La palabra naranja proviene del antiguo sánscrito narunga, que significa “fruta como el elefante”. Citrus aurantium, la naranja amarga o agria, dio base al nombre porque se conocen tanto la dulce como la amarga en latín (aurantium), en italiano (arancia) y en francés e inglés (orange), haciendo eco, por supuesto, de su dorada cáscara (¿recuerdan la clase de química, donde aureum era oro y su símbolo AU? Y eso que casi me quedo por fracasona en química.

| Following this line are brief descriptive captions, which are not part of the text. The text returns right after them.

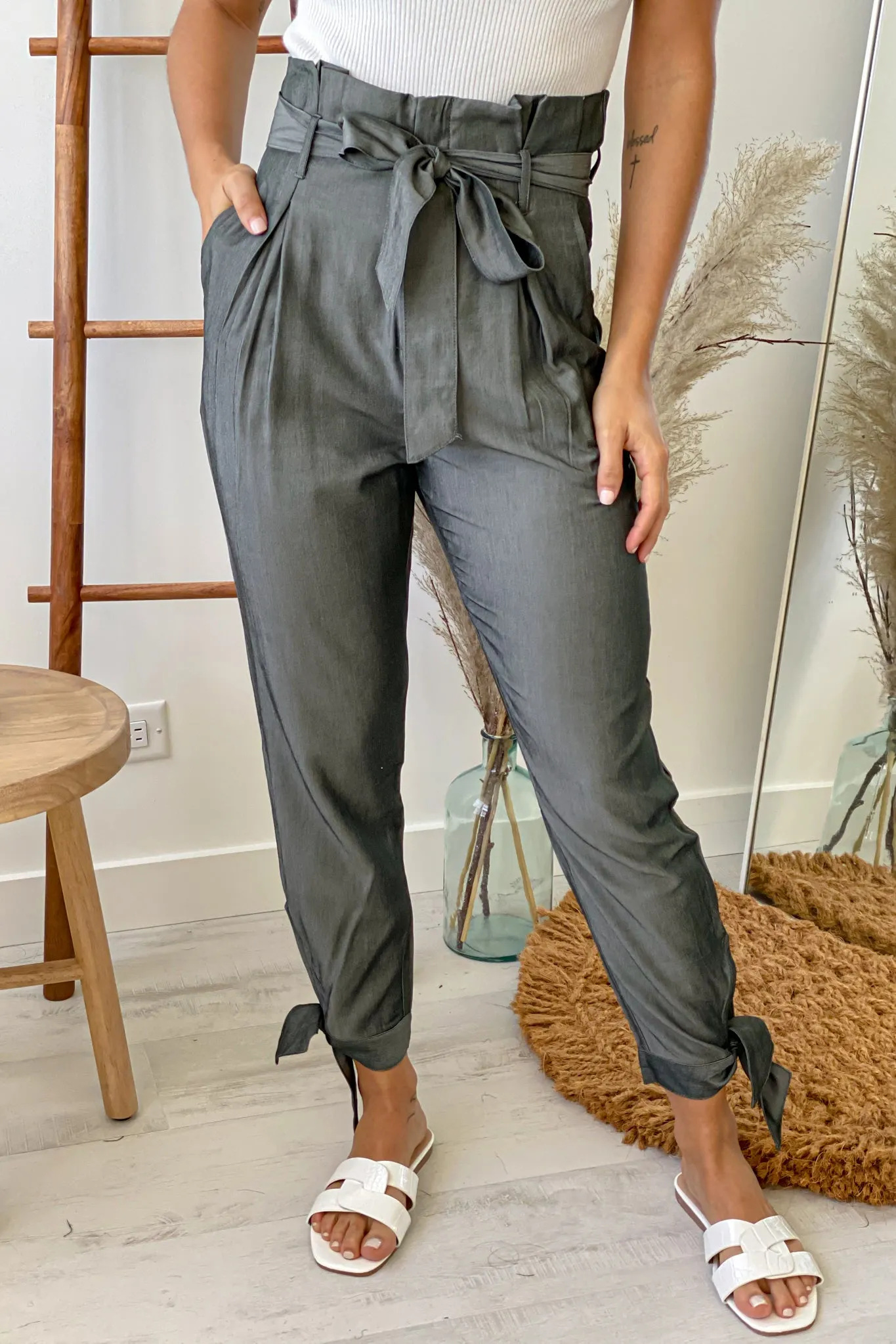 Gray Paperbag Pants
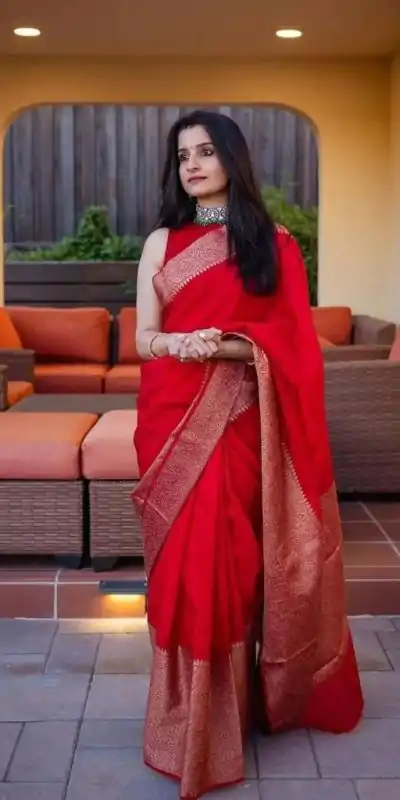 Stylish Red Color Soft Lichi Silk Cloth Jacquard All Over Saree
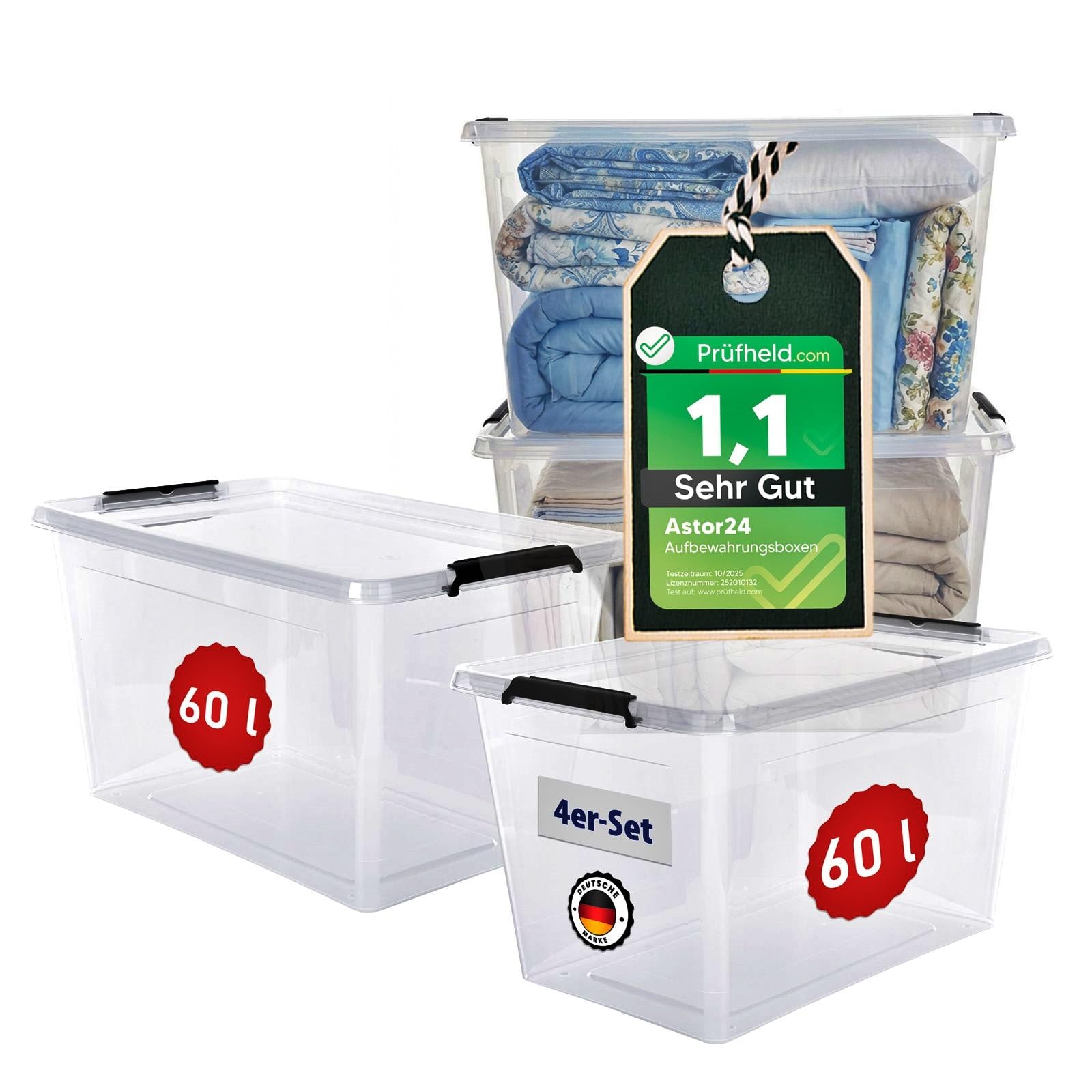 astor24 [Test SEHR GUT, NOTE 1.1] Aufbewahrungsboxen mit Deckel, 4x 60 L, transparente Boxen, lebensmittelechte Stapelboxen, Ideale Aufbewahrung für Büro, Kinderzimmer, Kleiderboxen, Küche, Werkstatt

Eso es un hecho; ahora, lo que no tengo muy cierto es si la Casa de Orange, o sea, la Casa Real de Orange-Nassau (y eso que en historia era una lanza) adquirió su origen por el cítrico (lo de Nassau, segurito, fue que le pusieron así a la isla en honor a los holandeses encoronados y no al revés) y si tomó su nombre de la fruta, pero los celtas tuvieron un asentamiento llamado Arausio en el sur de Francia.
Para no cansarte, tras ires y venires con la Iglesia católica, los franceses, los holandeses, etc., hasta que en 1544, uno de los Nassau (una familia real de Alemania) llamado Guillermo “el silencioso” (ojalá los políticos con ADN de asinus adquirieran la virtud de marras, aunque me conformo si lo hace Bosco) heredó el título de Conde de Nassau.
La fruta en sí proviene del noroeste indio y el suroeste chino; luego comenzó a emigrar por toda la cuenca mediterránea durante los primeros siglos de la era cristiana, encontrando un hábitat compatible en Sevilla (por lo que en inglés se conoce como Seville orange), formando parte importante del huerto andaluz.
Su periplo fue imitado por su hermana dulce unos 500 años más tarde.
Colón trajo ambas variedades a América y es posible que en Panamá ya se cultivara, para 1509, en Darién.